Asked by Anonymous at 8:16 PM on Mar. 23, 2009 in General Parenting

This question is closed.
Answers (10)
  • Some teachers look at it as kids will be kids. To me kids will be kids when they are 4 or 5 not 7 when they should know that the privates are off limits. Talk to his teacher and find out why she handled it that way. If you don't like her answer go to the principal and if you don't like that answer go higher. There is no way in hell I would sit by and let it go. I through a fit when a little girl made fun of my dd's shoes last year and made the teacher explain to the class why that is not right.
    palexander

    Answer by palexander at 1:26 AM on Mar. 24, 2009

  • I think you should call your sons teacher and talk to her about this.
    Anonymous

    Answer by Anonymous at 8:18 PM on Mar. 23, 2009

  • sometimes teachers don't know the extent of the touching, she has a lot of little people and a lot to deal with. I bet if she saw it she would have stoped it and other things will happen. At that age kids will say the darnest things so maybe she took it as tattle telling which at that age the teacher over looks a lot.
    mama2twins07

    Answer by mama2twins07 at 8:19 PM on Mar. 23, 2009

  • It depends on how the child touched your son. Was the child just trying to irritate your son by touching his arm over and over again or was it a touch in a private place? If he claims it was a private area, go directly to the teacher and ask her yourself. She should have notified you if it was inappropriate.
    ReneeK3

    Answer by ReneeK3 at 8:20 PM on Mar. 23, 2009

  • i would set up an appointment between his teacher, the principal, and the school counsler. make them aware of the situation and how you feel about the way it was handled. also make sure they are aware of how you want it to be handled next time.
    SThompson21

    Answer by SThompson21 at 8:21 PM on Mar. 23, 2009

  • Where did the kid touch him and was it an accident or two boys ruff housing? Did your son tell you that the other kid grabbed him in his privates? Did your son feel violated? Did teacher realize if your son felt violated? If you feel its necessary I would write the teacher with your concerns. Your son understand now that if he feels violated to talk with you?
    mistynights234

    Answer by mistynights234 at 8:21 PM on Mar. 23, 2009

  • The teacher should have contacted you.
    MommyAddie

    Answer by MommyAddie at 8:50 PM on Mar. 23, 2009

  • Hmm...well, this could be a complicated situation...IMO, more details are needed

    This is why...boys rough house a lot and they constantly try and punch each other's "junk" and he is about that age where that is considered a "funny" thing to do. Also, hes not too young to get into that whole "flashing" each other "game" (where the boys flash each other their privates and then punch the other boy for 'looking' and calls them gay or whatever). Or boys still slap each other on the butt too. Heck, in my school guys would "hump" each other against the lockers to try and be funny...
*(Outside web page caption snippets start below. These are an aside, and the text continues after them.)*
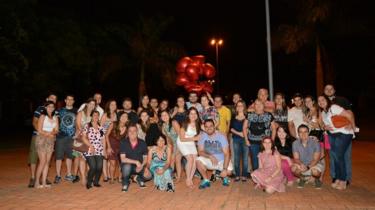 Flavia, Diogo y los amigos y la familia en la escena de la propuesta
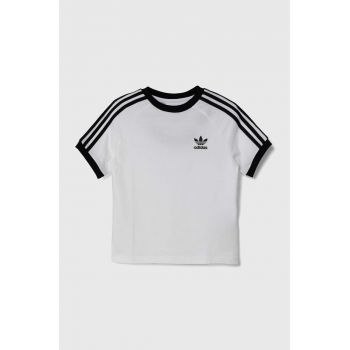 adidas Originals tricou de bumbac pentru copii 3STRIPES TEE culoarea alb, cu imprimeu, JE0515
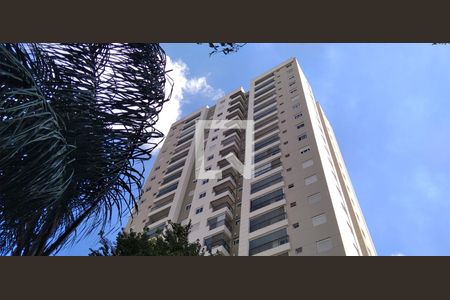 Apartamento para alugar com 69m², 2 quartos e 2 vagasFachada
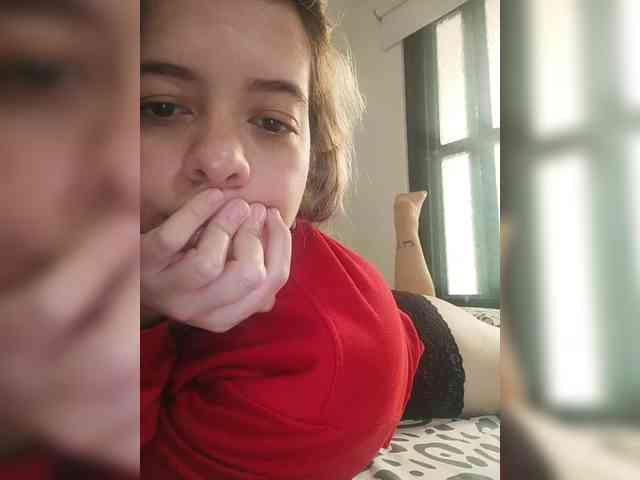 SuRomero Live Webcam on BongaCams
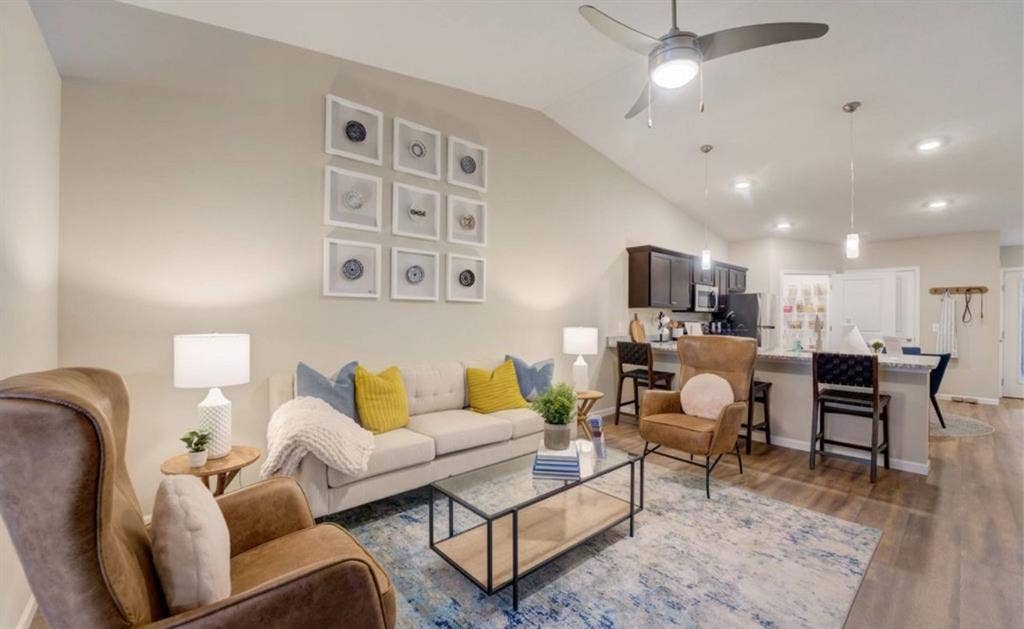 2 Bedroom 2 Bedroom avl for rent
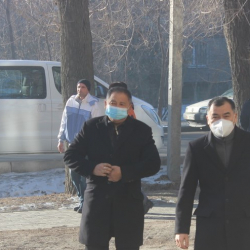 Президенттикке талапкер Равшан Жээнбеков үй-бүлөсүн Америкага кетирген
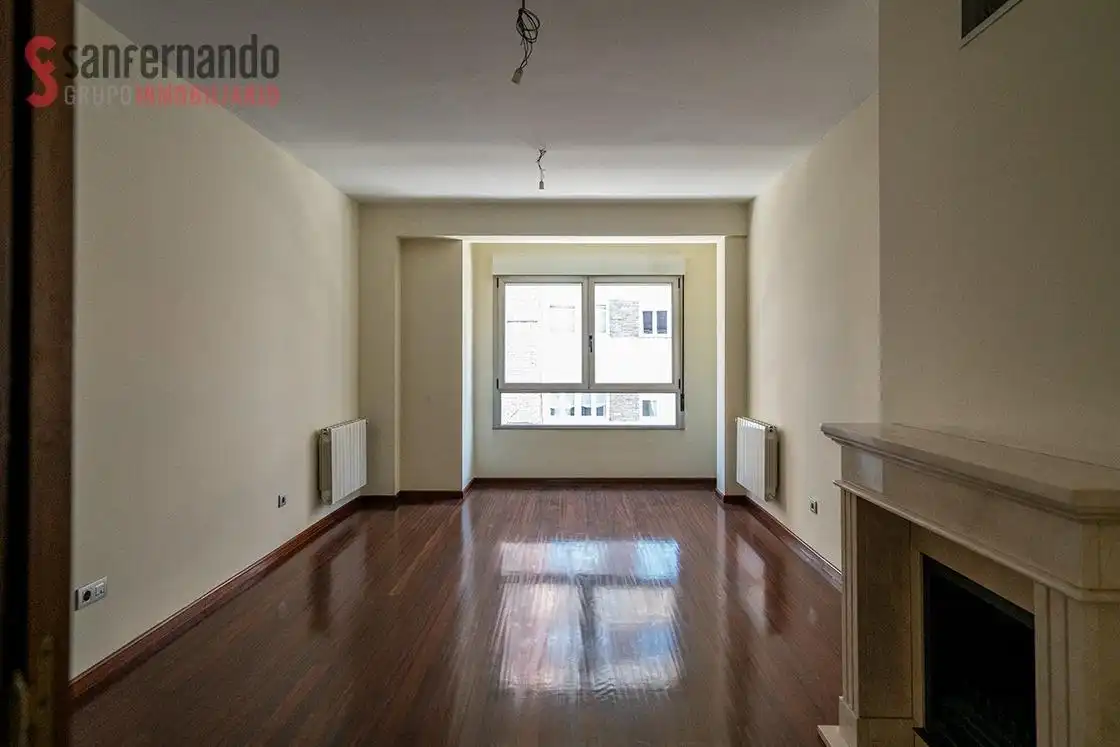 Wohnzimmer von Wohnung zum Verkauf in Torrelavega  mit Terrasse und Balkon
    Maybe it was a big deal, but then again maybe it wasn't....I'd need the context in which the touch happened in order to make a decision. Especially before I'd make a big deal over the teacher not reporting it or calling the kids parents, etc.
    ozarkgirl3

    Answer by ozarkgirl3 at 9:22 PM on Mar. 23, 2009

  • i agree with everyone here. i would talk to the teacher to get more details about what happened. Just explain that you had your talk with him and what he told you. He may not have felt really violated if he didnt think of it as a private part at that time. Also, it could have been an accident and you won't know until you talk to his teacher. if it was in apporpriate then, yes, you should have been contacted. Explain to your son's teacher that you would like to be informed if anything ever happens along these lines again and that you take this very seriously.
    aly38914290

    Answer by aly38914290 at 9:35 PM on Mar. 23, 2009

  • OP here, my son said the kid touched him in the privates when my son was trying to get his own lunchbox, the way my son told us the kid consciously did it.  They watch videos at that school about it and I trust their parents also tell them that touching isn't acceptable, so this kid should know, I sent a letter telling her my husb and I will come in for a conference with her.